Entre son ADN rebelle et son envie de reconnaissance, la danse hip hop pourrait prochainement être à la croisée des chemins.
Entre son ADN rebelle et son envie de reconnaissance, la danse hip hop pourrait prochainement être à la croisée des chemins. - © capture

A l'Eden de Charleroi, le concours de danse hip hop A6000 a accueilli dimanche plusieurs dizaines de danseurs de tout âge et de tout le pays. Namur, Liège, Bruxelles et même des danseurs allemands ont participé à ce contest. L'occasion de célébrer cette culture si particulière: "On veut défendre le hip hop qui souffre de nombreux clichés. Soit on voit cela comme la culture des jeunes à problèmes, soit c'est à travers les strass et paillettes des grandes stars du rap, explique Mona-Lisa Maglio, co-organisatrice de l’événement. Charleroi, une ville où le hip hop est d'ailleurs vivace: "Il y a eu un essor particulier ici, c'est vrai. De nombreuses écoles de danse sont nées récemment. Il y avait cette volonté de fédérer autour de la ville alors que d'habitude les carolos vont plutôt ailleurs. Il nous manquait quelque chose pour les jeunes de chez nous".

Le principe de ce concours? "Des équipes de danseurs s'affrontent dans des chorégraphies préparées ou improvisées et des juges choisissent celle qui a proposé les meilleurs enchaînements à partir de nombreux critères très codés", explique Mona-Lisa Maglio.

Une culture et ses clichés

Née dans les années 70, popularisée dans les années 80 et au départ très marginale, la culture hip hop est devenue très mainstream. A la recherche de reconnaissance depuis toujours, le hip hop français vit un débat compliqué depuis que le gouvernement français a décidé de lancer un diplôme d'Etat de danseur hip hop qui donnerait à cette danse très freestyle une vie plus officielle mais aussi un financement au même titre que le jazz ou la musique classique. Or pour beaucoup de danseurs, le hip hop ne peut pas être codé, défini ou mis en cage car il est en constante évolution. En France comme en Belgique, le hip hop se méfie du formatage. La culture de la rue sera-t-elle bientôt sur les bancs de l'école? 
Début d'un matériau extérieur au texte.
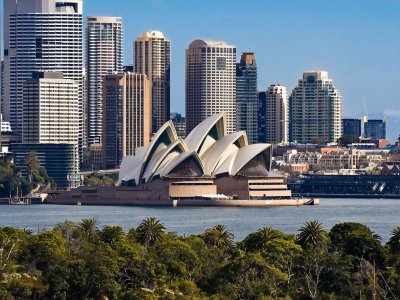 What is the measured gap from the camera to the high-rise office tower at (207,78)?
182875mm

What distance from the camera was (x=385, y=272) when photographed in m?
42.8

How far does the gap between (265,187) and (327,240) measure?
222 ft

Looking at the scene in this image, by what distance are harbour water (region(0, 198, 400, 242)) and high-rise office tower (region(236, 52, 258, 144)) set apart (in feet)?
280

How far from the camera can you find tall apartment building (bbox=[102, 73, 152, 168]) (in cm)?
17138

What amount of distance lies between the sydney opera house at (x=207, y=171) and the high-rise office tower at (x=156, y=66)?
69293 mm

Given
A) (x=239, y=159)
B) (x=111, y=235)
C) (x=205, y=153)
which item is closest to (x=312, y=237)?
(x=111, y=235)

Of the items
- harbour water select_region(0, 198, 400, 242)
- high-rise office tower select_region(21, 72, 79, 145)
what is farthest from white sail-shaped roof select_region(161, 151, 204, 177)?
high-rise office tower select_region(21, 72, 79, 145)

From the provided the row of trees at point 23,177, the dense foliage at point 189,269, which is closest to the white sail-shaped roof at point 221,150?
the row of trees at point 23,177

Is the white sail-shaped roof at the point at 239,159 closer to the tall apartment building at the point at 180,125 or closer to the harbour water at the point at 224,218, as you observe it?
the harbour water at the point at 224,218

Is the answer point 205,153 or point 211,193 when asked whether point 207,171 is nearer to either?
point 205,153

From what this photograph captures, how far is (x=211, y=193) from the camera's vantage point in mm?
113625

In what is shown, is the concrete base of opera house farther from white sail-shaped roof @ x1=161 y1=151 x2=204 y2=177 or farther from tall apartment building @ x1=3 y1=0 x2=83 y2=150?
tall apartment building @ x1=3 y1=0 x2=83 y2=150

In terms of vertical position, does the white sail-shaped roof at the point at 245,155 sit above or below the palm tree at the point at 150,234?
above

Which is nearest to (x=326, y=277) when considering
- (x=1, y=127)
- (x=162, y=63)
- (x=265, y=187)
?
(x=265, y=187) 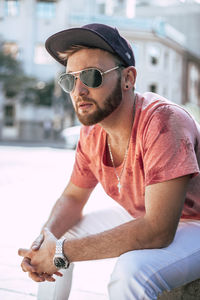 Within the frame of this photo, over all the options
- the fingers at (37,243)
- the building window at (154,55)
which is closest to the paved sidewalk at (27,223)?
the fingers at (37,243)

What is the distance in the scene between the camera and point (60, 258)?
76.7 inches

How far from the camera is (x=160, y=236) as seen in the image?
1.85m

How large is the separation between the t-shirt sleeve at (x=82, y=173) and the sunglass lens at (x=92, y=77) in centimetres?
44

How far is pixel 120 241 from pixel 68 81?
88 cm

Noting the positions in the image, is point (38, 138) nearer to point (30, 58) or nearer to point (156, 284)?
point (30, 58)

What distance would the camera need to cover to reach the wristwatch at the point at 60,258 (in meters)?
1.95

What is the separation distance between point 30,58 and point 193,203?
32940mm

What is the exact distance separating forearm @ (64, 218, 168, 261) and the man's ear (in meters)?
0.73

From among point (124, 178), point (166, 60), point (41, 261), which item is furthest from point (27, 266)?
point (166, 60)

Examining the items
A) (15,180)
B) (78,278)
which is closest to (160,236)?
(78,278)

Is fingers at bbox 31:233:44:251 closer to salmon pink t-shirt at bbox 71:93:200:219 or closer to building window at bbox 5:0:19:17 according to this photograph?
salmon pink t-shirt at bbox 71:93:200:219

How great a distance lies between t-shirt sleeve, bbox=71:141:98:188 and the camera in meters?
2.51

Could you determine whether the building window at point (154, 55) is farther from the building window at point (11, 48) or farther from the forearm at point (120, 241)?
the forearm at point (120, 241)

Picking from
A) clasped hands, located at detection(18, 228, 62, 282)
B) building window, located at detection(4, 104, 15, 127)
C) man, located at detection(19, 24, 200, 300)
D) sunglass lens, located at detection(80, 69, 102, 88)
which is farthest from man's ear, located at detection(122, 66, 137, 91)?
building window, located at detection(4, 104, 15, 127) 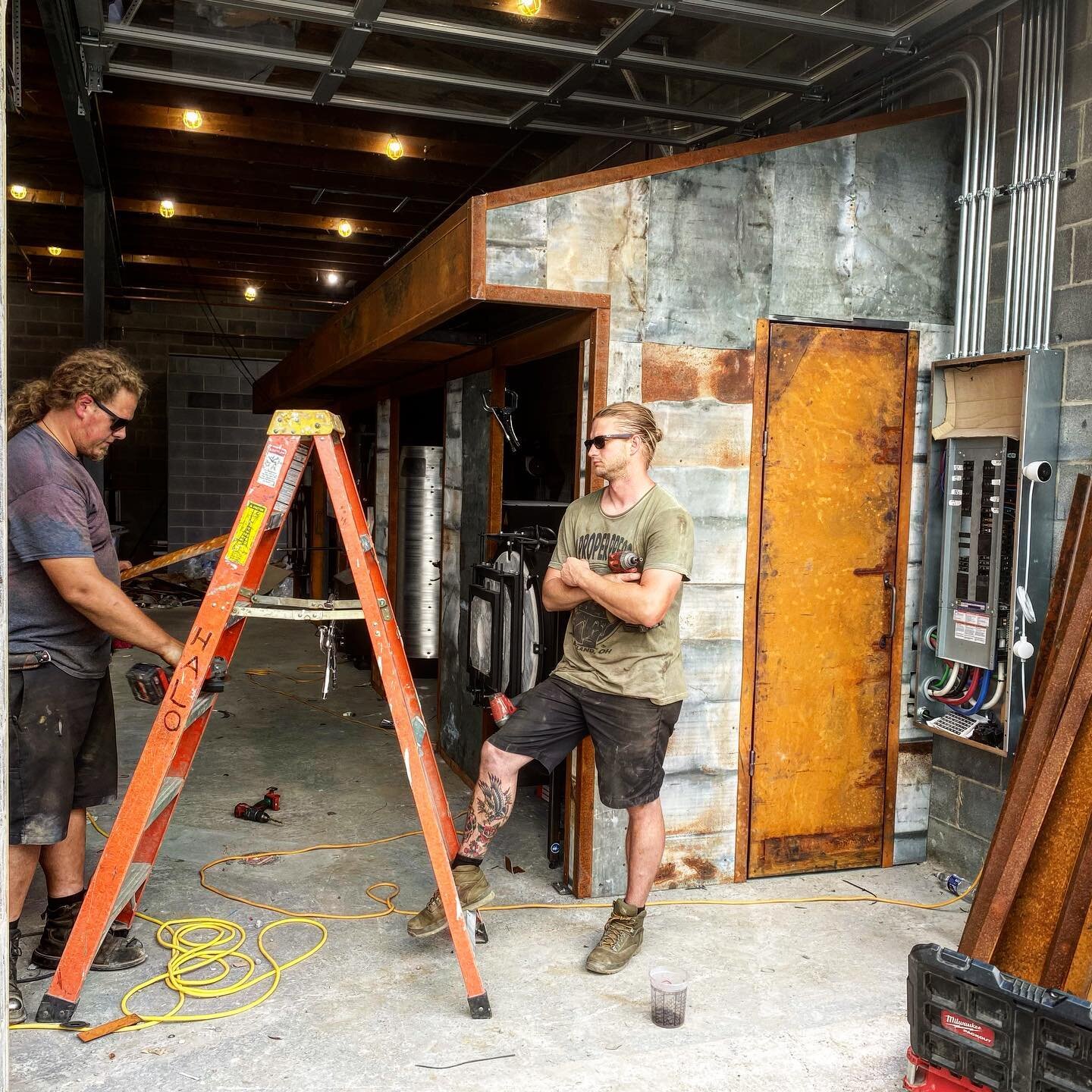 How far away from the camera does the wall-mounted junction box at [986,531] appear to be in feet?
10.8

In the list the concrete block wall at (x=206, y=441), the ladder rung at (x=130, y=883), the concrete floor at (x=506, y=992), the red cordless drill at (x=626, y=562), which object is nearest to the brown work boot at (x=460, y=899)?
the concrete floor at (x=506, y=992)

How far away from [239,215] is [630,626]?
5.08 metres

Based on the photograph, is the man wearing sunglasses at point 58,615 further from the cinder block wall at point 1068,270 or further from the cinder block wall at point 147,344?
the cinder block wall at point 147,344

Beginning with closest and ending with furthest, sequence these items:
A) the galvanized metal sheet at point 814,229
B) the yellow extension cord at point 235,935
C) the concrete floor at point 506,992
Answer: the concrete floor at point 506,992 → the yellow extension cord at point 235,935 → the galvanized metal sheet at point 814,229

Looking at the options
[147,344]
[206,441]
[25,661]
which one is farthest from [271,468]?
[147,344]

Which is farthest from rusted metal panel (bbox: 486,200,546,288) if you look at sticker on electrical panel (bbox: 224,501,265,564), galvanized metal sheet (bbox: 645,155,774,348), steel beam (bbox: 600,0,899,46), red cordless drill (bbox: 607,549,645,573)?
sticker on electrical panel (bbox: 224,501,265,564)

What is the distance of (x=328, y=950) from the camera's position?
3.06 meters

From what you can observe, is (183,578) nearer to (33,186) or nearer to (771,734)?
(33,186)

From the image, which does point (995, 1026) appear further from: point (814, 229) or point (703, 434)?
point (814, 229)

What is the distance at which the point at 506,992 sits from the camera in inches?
111

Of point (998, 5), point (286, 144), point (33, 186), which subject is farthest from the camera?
point (33, 186)

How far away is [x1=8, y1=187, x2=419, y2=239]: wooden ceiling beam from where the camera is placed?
665cm

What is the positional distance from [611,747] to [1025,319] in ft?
6.62

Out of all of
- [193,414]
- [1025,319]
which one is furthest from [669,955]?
[193,414] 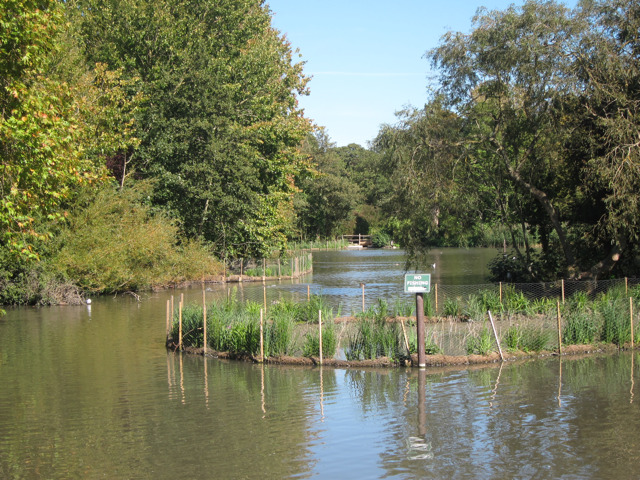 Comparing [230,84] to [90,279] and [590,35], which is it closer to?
[90,279]

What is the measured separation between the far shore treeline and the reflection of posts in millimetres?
A: 9205

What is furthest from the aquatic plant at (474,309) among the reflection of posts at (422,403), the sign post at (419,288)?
the reflection of posts at (422,403)

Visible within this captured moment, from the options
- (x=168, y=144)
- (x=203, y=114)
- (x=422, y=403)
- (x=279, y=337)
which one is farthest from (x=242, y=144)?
(x=422, y=403)

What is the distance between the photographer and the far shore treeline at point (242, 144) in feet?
55.4

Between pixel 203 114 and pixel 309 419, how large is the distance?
31.6 metres

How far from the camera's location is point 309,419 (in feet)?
41.8

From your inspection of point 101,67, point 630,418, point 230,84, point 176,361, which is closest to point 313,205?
point 230,84

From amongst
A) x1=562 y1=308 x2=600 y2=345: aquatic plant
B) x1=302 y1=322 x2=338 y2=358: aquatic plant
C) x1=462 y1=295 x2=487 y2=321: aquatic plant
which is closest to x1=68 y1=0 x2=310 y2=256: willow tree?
x1=462 y1=295 x2=487 y2=321: aquatic plant

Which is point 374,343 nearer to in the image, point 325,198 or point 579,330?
point 579,330

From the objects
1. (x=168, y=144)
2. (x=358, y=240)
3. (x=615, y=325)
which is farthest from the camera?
(x=358, y=240)

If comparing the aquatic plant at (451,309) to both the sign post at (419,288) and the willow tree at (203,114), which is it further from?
the willow tree at (203,114)

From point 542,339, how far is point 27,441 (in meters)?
13.1

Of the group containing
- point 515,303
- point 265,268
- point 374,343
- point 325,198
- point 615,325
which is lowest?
point 374,343

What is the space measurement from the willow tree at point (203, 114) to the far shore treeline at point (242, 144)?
0.14 metres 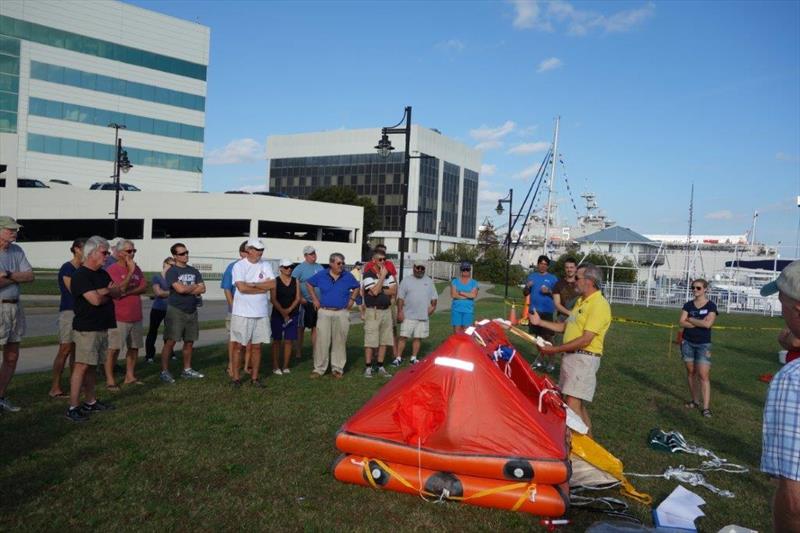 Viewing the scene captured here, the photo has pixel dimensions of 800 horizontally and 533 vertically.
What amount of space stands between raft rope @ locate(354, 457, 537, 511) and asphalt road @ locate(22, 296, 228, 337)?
10.9 m

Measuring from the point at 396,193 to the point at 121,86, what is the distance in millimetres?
36666

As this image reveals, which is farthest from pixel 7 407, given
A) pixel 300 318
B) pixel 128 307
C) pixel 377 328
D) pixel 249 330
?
pixel 300 318

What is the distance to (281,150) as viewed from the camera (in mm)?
90688

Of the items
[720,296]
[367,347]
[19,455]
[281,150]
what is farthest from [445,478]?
[281,150]

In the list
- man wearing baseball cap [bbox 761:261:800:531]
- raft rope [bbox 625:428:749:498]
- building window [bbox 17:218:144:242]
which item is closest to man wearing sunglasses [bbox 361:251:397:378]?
raft rope [bbox 625:428:749:498]

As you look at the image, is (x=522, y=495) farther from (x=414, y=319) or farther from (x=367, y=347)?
(x=414, y=319)

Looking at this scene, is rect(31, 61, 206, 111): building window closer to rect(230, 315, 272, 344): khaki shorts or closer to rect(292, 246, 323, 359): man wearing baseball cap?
rect(292, 246, 323, 359): man wearing baseball cap

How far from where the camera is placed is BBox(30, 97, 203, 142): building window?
5066cm

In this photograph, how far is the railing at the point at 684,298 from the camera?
3491cm

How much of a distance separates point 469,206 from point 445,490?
90292 millimetres

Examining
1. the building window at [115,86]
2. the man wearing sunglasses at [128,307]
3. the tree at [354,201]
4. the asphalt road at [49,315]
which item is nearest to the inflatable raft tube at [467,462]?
the man wearing sunglasses at [128,307]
Les codes et l'improvisation

C'est justement la confrontation entre codes et improvisation qui pose problème quand on évoque l'idée de créer un diplôme officiel de professeur de danse hip hop. Le débat est vif parmi ses représentants belges. Certains n'imaginent pas leur passion mise en cage: "C'est contre l'idée même du hip hop de définir officiellement ce qui est hip hop et ce qui ne l'est pas. C'est une culture en évolution permanente, la fixer, ce serait peut-être la tuer", défend Hamza Ennaday,

Pour la pédagogie

Personne n'est toutefois complètement catégorique. Des avantages, il y en aurait, notamment au niveau pédagogique. Des écoles de danse hip hop, il y en a des centaines en Belgique. Charleroi, à elle seule, en compte une quinzaine et la qualité de l'enseignement peut varier: "C'est là que la pédagogie pourrait avoir du sens. Autant commet performer, ça ne sert à rien, autant au niveau de la transmission de ce savoir, il pourrait y avoir de bonnes choses pour permettre un enseignement plus optimal", justifie David Vandenplas, co-directeur de l'école 2mad, internationalement reconnue.

Une véritable question existentielle. Entre son ADN rebelle et son envie de reconnaissance, la danse hip hop pourrait prochainement être à la croisée des chemins.